Martin Atkins mart at degeneration.co.uk
Sun Jun 5 15:07:04 PDT 2005


Evan Martin wrote:
> 
> However, one useful thing is to define behavior for when the version
> does change.
> For example, add something to the spec like:
>   If there is a version key in the request, you should just return an
> error like "version not understood".
> This allows you to actually add that new version without worrying
> about how older consumers will handle it.
> 

I think the idea is that the software will downgrade to suit what it's
talking to, rather than failing.

For example, if server is version 2 and consumer is version 1, the
server will see that the consumer's request was version 1 and thus reply
in version 1.

If server is 1 and consumer is 2, the consumer will make a version 2
request, which will ideally be backwards compatible. (If not, we've lost
anyway.) The server will respond with version 1, and the consumer will
still know how to deal with version 1 and act accordingly.

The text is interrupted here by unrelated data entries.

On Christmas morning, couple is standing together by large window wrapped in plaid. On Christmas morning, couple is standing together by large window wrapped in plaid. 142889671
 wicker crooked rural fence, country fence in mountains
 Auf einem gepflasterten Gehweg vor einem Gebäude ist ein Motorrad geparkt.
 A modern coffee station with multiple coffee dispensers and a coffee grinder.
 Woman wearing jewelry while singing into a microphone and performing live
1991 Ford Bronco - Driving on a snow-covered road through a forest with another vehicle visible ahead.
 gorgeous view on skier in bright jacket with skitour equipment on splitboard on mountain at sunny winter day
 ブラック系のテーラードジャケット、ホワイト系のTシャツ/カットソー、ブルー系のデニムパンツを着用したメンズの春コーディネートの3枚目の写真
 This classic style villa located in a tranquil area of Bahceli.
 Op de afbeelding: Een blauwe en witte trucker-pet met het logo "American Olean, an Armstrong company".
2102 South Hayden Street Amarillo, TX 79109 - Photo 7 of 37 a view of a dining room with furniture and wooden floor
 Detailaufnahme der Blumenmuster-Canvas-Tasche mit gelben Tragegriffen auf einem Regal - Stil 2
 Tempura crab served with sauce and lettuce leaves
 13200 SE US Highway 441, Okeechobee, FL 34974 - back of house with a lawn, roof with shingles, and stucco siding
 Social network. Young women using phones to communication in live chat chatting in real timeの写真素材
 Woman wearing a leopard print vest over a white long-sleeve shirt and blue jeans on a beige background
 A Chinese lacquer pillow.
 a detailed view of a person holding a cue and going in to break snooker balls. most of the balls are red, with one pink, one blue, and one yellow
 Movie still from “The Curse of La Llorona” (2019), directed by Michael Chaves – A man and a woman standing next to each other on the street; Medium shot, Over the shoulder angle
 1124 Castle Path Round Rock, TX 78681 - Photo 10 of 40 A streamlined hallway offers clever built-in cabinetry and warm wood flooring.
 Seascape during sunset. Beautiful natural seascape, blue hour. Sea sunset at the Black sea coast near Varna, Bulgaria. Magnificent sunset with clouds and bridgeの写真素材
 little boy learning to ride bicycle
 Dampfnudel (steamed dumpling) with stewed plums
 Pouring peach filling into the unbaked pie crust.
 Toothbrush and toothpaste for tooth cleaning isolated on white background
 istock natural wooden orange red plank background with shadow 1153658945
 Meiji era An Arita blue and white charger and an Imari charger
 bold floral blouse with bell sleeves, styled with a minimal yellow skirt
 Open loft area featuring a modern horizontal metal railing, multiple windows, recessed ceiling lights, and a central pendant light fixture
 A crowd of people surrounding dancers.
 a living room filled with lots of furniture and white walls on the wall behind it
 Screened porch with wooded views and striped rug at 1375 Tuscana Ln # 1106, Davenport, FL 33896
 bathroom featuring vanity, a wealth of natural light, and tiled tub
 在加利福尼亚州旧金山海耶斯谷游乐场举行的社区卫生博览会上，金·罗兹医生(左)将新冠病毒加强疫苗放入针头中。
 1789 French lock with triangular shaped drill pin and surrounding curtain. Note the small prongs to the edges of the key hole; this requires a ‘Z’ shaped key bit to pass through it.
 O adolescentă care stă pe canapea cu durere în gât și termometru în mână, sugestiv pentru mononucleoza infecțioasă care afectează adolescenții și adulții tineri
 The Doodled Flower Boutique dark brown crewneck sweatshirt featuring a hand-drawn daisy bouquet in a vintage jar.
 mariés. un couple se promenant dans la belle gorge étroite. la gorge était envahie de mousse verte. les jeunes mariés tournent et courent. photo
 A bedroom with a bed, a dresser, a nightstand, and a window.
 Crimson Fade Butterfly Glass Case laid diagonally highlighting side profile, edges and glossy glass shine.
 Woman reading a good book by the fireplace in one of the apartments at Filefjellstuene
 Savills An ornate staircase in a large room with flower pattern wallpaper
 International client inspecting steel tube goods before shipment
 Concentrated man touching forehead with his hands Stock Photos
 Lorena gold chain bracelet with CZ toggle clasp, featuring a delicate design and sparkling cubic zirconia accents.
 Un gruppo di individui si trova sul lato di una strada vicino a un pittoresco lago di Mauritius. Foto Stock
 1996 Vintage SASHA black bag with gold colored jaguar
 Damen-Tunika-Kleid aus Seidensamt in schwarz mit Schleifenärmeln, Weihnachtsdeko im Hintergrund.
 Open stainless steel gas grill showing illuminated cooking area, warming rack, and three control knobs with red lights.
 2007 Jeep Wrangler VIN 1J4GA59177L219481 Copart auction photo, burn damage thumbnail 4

As Paul has been saying, the only thing that is likely to change in
future is that new fields will be added to the request and to the
signature. As long as all of the old request fields stick around, this
above scheme will work without anyone breaking.

However, per this scheme I don't really see the difference between
explicitly stating version=1 and just having it implied by the lack of a
version number. It's more likely that our future versions will be
implied by additional request parameters anyway, and in a more recent
thread a self-describing signature format is being discussed to allow
the signature structure to change in future.